The mean age in our group of patients with suspected recurrence was 53 years (Range 39-74 years). Of the 52 patients with suspected recurrence, 40 patietnts with a PET-CT scan with findings suggestive of an avid uptake underwent surgery. 22 patients had serous histology, 12 mucinous and 8 had clear cell carcinoma. Stage-wise distribution at the time of primary surgery is as follows stage I-3, stage II-7, stage III-26, stage IV-4. Of the 40 patients who underwent a second look surgery 32 had histopathologically confirmed recurrence. PET-CT detected a total of 86 lesions in the 40 patients who underwent surgery. Of these, 38 were in the lymph nodes 28 in para-aortic and 10 in pelvic, 32 were peritoneal lesions and 14 were pelvic, 2 were metastatic in the parenchyma of liver. Detection of the lesion on PET-CT was size dependant, of the 9 lesions were missed on PET-CT, 7 were less than 0.5 cm. The mean diameter of the lesions detected was 2.2 cm (range 0.3-6.2 cm).
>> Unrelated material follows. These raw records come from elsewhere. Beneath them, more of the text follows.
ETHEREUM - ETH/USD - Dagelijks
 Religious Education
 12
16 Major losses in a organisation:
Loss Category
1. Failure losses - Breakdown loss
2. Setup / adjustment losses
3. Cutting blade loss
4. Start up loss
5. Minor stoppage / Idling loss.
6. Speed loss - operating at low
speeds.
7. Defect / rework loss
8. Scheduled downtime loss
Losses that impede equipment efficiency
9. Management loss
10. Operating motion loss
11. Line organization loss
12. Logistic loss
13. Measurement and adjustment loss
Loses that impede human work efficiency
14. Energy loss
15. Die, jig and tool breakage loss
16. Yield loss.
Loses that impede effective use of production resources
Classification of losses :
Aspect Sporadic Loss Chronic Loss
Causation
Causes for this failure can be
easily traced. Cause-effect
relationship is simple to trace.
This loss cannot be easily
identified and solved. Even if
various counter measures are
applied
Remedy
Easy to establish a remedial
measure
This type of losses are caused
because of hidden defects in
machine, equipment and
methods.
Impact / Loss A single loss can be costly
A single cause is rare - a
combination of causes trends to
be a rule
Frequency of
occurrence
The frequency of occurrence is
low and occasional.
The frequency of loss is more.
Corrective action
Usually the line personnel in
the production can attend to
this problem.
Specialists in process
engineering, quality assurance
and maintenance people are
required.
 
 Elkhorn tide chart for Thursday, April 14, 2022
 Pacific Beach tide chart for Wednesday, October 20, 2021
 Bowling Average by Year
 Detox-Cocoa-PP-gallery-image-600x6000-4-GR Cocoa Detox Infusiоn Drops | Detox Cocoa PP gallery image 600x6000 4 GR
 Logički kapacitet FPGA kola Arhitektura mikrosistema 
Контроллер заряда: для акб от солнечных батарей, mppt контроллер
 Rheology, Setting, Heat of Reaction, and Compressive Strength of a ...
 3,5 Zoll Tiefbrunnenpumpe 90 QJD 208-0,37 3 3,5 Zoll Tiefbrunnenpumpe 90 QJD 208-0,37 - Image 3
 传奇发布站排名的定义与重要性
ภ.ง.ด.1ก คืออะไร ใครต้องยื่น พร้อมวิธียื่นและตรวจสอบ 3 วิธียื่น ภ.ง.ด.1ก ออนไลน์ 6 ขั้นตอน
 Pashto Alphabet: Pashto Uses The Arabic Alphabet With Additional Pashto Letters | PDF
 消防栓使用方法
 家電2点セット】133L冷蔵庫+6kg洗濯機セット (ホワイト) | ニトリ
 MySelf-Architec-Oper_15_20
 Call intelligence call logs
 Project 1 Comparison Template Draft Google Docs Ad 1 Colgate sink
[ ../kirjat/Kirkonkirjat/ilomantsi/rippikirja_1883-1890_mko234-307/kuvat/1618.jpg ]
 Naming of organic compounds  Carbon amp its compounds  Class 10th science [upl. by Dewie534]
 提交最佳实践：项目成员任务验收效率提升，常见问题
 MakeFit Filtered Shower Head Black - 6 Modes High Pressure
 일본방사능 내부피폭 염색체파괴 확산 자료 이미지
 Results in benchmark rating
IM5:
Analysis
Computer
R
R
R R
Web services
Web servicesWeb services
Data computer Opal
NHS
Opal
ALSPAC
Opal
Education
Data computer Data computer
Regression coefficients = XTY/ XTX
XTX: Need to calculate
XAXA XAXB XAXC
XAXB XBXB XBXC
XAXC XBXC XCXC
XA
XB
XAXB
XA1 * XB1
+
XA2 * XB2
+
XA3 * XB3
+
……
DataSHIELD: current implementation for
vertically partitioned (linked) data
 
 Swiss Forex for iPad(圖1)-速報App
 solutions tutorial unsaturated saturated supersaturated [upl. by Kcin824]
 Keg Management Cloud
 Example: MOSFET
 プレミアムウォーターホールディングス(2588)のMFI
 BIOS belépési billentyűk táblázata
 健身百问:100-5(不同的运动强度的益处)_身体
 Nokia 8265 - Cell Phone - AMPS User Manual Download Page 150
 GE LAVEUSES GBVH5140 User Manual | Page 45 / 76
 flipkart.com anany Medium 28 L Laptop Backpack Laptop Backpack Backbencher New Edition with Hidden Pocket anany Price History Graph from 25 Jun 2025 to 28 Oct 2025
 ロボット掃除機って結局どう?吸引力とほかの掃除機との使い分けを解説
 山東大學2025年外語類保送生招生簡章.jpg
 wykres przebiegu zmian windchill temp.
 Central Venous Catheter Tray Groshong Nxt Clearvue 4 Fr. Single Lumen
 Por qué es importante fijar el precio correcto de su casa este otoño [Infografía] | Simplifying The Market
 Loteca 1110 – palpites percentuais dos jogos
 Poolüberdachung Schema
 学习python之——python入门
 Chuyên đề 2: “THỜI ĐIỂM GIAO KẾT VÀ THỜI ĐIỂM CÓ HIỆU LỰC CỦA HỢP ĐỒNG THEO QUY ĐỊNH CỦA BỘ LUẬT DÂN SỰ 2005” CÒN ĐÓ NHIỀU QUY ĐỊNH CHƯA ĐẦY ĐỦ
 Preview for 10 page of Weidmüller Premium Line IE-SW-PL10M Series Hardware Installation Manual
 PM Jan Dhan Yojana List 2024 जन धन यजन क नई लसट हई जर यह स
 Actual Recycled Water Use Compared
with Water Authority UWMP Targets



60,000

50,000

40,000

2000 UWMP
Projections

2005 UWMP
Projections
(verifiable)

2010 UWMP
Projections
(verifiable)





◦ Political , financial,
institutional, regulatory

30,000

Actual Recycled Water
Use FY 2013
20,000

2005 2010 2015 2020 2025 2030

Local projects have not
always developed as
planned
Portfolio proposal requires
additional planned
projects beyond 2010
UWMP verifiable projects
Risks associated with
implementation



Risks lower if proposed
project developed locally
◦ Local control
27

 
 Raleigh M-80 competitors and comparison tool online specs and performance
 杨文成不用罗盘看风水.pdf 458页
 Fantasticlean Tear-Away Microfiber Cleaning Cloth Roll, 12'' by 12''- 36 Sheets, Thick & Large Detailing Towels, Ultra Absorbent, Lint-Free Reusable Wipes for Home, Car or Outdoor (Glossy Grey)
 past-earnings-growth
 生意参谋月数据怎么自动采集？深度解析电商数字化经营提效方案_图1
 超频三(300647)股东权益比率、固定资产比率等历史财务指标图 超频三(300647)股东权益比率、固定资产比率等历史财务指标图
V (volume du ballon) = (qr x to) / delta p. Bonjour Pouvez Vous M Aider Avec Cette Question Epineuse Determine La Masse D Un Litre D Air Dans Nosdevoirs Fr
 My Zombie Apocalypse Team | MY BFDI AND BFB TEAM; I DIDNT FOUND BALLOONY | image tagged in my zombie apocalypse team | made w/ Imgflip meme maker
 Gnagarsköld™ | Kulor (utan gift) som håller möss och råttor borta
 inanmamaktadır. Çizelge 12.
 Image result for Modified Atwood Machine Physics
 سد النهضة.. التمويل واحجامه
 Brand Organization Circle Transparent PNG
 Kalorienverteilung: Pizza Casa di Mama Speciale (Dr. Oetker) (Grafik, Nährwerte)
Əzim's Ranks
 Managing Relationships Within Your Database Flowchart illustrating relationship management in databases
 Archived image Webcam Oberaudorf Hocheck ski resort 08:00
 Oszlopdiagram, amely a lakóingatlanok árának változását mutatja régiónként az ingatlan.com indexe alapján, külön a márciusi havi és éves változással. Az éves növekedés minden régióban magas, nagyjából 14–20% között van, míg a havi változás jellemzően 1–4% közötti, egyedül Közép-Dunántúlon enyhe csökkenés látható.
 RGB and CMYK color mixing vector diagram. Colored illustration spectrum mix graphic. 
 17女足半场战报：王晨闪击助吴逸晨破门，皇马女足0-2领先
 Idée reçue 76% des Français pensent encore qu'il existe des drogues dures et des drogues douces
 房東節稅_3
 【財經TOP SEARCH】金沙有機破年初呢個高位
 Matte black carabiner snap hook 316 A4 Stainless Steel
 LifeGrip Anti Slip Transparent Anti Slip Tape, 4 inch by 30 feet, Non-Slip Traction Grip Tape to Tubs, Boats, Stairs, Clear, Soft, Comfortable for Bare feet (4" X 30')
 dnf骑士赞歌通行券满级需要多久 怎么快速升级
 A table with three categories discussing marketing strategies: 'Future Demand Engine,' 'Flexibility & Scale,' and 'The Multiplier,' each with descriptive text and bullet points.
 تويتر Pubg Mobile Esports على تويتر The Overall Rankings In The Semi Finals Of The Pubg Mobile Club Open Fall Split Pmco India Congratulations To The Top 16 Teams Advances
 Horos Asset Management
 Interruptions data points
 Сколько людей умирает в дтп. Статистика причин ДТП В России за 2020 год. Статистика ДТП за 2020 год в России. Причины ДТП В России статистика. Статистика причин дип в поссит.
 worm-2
PET-CT accurately identified 62 of 70 histopathologically proven lesions. The overall lesion-based sensitivity of PET-CT is 88.6%, specificity 56.2%, Positive predictive value being 72.1%, negative predictive value of 69.2%. Accuracy of detecting lesions greater than 1 cm is 78.6% (44 of 56 lesions).

Conclusions:

Corelation between PET/CT and histopathologicaldisease: k (cohen value) = 0.81 which suggests excellent correlation. For selected patients with ovarian cancer recurrence may benefit from a comprehensive radiographic imaging survey (PET-CT) at the time of even no or minimal CA-125 elevation in early detection and successful cytoreductive surgical resection and an increase in overall survival.